Younger has put aside plans to rob a bank in Northfield, Minnesota, said to be the largest west of the Mississippi River. The job appeals, however, to Jesse and Frank James, who have no intention of changing the way they make a living.

Cole is ambushed by Pinkerton's agents, who use a prostitute as bait. After the bankers succeed in having the amnesty overturned by bribing the speaker of the house, Cole travels by train to Minnesota to check out the bank.

Once there, Cole discovers that townspeople are unwilling to deposit their money in the bank owing to concerns over its safety from thieves. Jesse, Frank, and their men arrive on horseback and, together with Cole, persuade the locals that a gold shipment is on its way to the bank because it is supposed to be the safest possible place for it.
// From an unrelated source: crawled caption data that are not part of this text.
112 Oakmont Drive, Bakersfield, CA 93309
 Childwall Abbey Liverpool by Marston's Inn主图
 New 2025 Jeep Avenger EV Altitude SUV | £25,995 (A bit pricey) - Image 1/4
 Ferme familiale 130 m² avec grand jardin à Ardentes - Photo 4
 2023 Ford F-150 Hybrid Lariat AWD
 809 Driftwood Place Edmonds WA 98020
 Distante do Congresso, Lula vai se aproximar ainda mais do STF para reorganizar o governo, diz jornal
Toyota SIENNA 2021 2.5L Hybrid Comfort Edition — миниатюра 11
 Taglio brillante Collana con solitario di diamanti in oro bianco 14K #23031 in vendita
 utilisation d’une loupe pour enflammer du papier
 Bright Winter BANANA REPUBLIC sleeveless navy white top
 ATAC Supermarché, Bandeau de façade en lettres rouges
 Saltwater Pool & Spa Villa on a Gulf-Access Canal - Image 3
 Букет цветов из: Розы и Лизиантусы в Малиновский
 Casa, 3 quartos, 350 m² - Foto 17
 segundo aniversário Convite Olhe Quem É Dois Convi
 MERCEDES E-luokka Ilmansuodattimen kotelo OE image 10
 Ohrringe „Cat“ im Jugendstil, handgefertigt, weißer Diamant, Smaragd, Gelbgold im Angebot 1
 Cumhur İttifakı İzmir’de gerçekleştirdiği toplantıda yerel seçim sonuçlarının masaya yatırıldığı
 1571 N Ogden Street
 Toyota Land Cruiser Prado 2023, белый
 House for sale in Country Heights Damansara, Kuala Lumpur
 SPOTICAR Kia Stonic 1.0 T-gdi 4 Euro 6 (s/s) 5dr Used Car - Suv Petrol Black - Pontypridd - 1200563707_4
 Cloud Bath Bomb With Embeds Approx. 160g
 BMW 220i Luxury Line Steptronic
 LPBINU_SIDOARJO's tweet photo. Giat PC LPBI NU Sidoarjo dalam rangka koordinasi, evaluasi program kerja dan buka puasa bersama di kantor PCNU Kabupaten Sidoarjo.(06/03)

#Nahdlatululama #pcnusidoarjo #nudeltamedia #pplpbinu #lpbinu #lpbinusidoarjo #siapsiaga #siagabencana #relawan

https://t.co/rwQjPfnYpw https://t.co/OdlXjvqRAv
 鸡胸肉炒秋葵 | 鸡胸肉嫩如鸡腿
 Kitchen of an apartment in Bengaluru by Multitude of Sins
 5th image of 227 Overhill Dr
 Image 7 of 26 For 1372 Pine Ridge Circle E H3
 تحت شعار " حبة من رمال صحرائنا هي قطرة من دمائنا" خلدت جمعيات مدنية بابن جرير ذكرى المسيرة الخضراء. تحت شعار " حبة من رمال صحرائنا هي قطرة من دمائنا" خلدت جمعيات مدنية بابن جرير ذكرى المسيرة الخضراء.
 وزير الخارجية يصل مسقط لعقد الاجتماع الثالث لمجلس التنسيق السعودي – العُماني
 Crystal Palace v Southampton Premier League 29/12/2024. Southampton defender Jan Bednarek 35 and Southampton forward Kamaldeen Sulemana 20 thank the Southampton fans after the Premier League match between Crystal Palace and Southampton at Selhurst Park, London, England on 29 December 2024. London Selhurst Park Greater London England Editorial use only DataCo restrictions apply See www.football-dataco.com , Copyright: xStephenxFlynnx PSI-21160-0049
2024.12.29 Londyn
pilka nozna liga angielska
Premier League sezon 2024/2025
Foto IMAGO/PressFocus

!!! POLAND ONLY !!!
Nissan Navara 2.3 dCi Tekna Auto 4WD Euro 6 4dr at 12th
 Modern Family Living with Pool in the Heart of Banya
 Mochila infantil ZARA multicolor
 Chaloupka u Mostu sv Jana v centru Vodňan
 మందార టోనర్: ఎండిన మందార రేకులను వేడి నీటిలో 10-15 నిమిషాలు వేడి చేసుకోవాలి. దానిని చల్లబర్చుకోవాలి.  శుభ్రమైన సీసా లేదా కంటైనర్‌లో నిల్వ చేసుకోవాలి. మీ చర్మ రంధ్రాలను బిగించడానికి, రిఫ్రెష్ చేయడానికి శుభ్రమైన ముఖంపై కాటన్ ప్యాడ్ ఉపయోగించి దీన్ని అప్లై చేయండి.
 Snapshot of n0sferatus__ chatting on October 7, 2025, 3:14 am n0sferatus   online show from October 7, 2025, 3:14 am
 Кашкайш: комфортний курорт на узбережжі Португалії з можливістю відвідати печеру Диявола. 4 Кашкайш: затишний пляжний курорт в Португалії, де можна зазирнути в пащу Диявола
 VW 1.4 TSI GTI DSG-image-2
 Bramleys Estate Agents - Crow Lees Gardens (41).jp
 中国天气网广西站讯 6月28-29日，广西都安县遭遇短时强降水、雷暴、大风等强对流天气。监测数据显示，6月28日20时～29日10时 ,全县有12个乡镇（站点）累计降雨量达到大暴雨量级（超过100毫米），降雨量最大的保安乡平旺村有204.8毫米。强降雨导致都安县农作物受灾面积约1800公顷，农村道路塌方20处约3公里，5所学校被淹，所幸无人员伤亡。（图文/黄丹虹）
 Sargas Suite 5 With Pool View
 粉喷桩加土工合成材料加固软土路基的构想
Once the citizens have banked their money, the robbery begins. Many things go wrong, though, including one outlaw being locked inside a vault, and two members of the gang are killed by the townspeople.
Teller Heywood, having discovered the "gold shipment" is bags of rocks, assumes Wilcox is part of the robbery and refuses to open the time-lock vault. The gang shoots Heywood dead and brutally beats Wilcox. In the street, local derelict Gustavson begins gibbering uncontrollably and the panicky gang lookouts shoot him dead, alerting the townspeople. Cole Younger and his men flee to a nearby farm, but a posse tracks and apprehends them, mostly due to Cole's refusal to abandon his wounded brother Bob. The James brothers get away. When Jesse mentions to Frank his intention to permit Bob Ford to join the gang back in Missouri, his fate is sealed.

==Cast==

- Cliff Robertson as Cole Younger
- Robert Duvall as Jesse James
- Luke Askew as Jim Younger
- R. G. Armstrong as Clell Miller
- Dana Elcar as Allen
- Donald Moffat as Manning
- John Pearce as Frank James
- Matt Clark as Bob Younger
- Wayne Sutherlin as Charley Pitts
- Robert H. Harris as Wilcox
- Jack Manning as Heywood
- Elisha Cook Jr. as Bunker
- Royal Dano as Gustavson
- Mary-Robin Redd as Kate
- William Callaway as Callipist
- Arthur Peterson as Jefferson Jones
- Craig Curtis as Chadwell
- Barry Brown as Henry Wheeler
- Nellie Burt as Doll Woman
- Liam Dunn as Drummer
- Madeleine Taylor Holmes as Granny Woman
- Herbert Nelson as Chief Detective
- Erik Holland as Sheriff
- Anne Barton as Clell's Wife
- Marjorie Durant as Maybelle
- Inger Stratton as Singing Whore
- Valda Hansen as Nude Girl
- Paul Frees as Narrator (uncredited)

==Production==
The film was shot in Jacksonville, Oregon.